While the government was doing its level best to turn a blind eye on Madoff it was unleashing the dogs of war against John Gotti and the Gambino crime family.
John Gotti was a thug. He was a lowlife in a silk suit. Just as Bernard Madoff could do no wrong, in the eyes of the federal government, Gotti could do no right.
Back in the old days people used to say that the safest neighborhoods were the ones where mobsters lived. Members of crime families shielded their families from their business. Mostly, they did not want their children to get into the business. They did not bring their business home. Criminal actions were for someone else’s communities.
People respected them for it. Mob bosses knew the difference between right and wrong. They built a wall separating business and family. Theirs was not the same code as the one that most citizens live by, but it was a code.

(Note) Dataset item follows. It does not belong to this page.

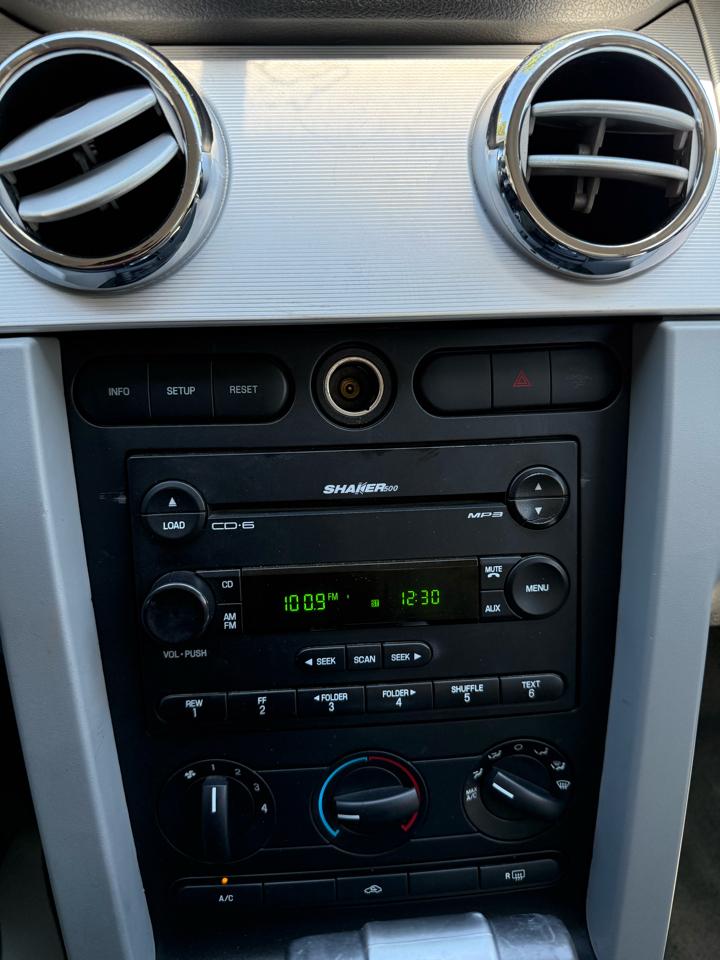 Ford Mustang V6 Standard Coupe 2006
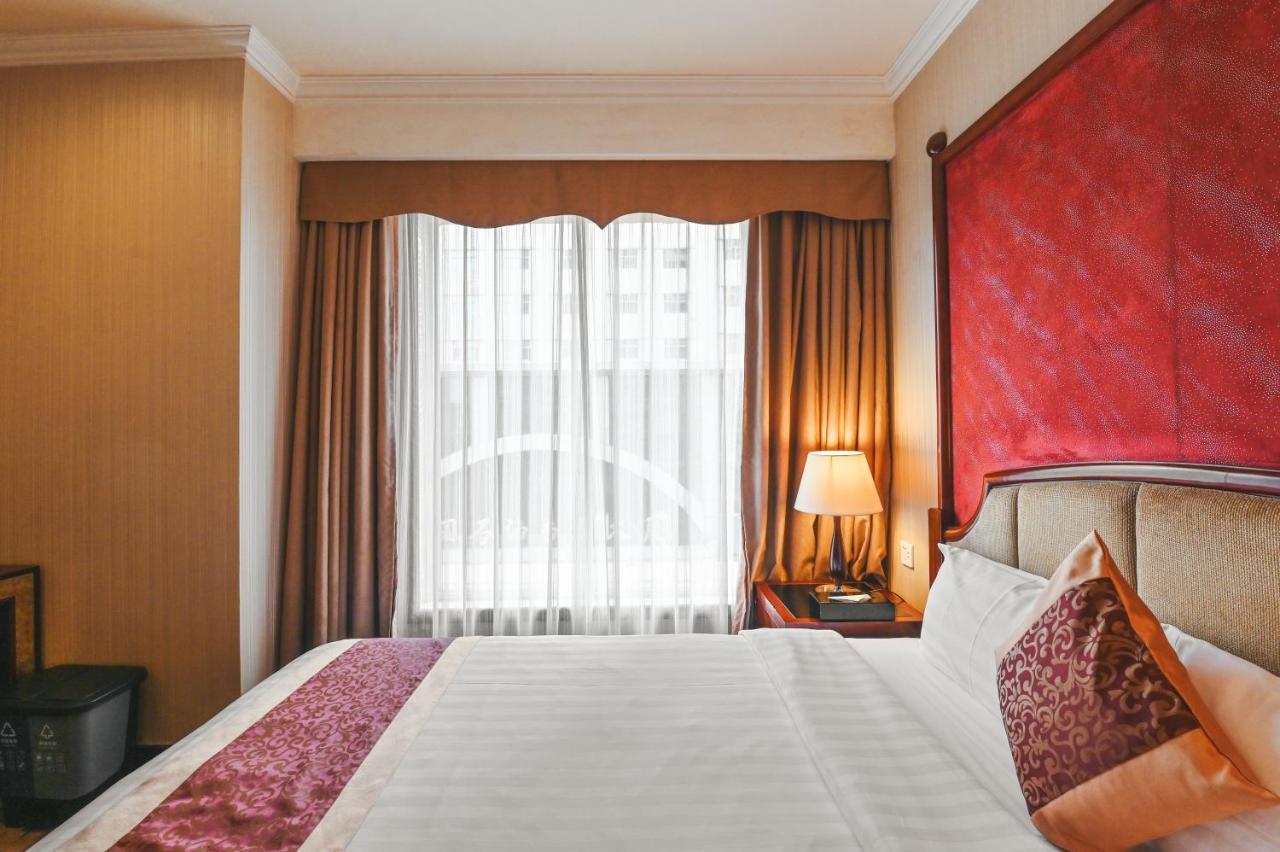 Royal Plaza Hotel Guangzhou Exterior photo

Madoff was different. He preyed on his friends, his family, and his neighbors, in people who put their trust in him. Friends at the country club, people who gave him the entirety of their savings, people who accepted his word because how could he have garnered such an exalted reputation if he was not good to his word?
Madoff betrayed a community and was, along with his family, and with anyone who bore the name, ostracized by that community.
As Mark Madoff found out, there was a good reason why the masters of organized crime kept their own communities safe. If you betray your own community, if your name becomes a stigma among those you spend all your time with, then, when the proverbial s#%t hits the fan, you have nowhere to go.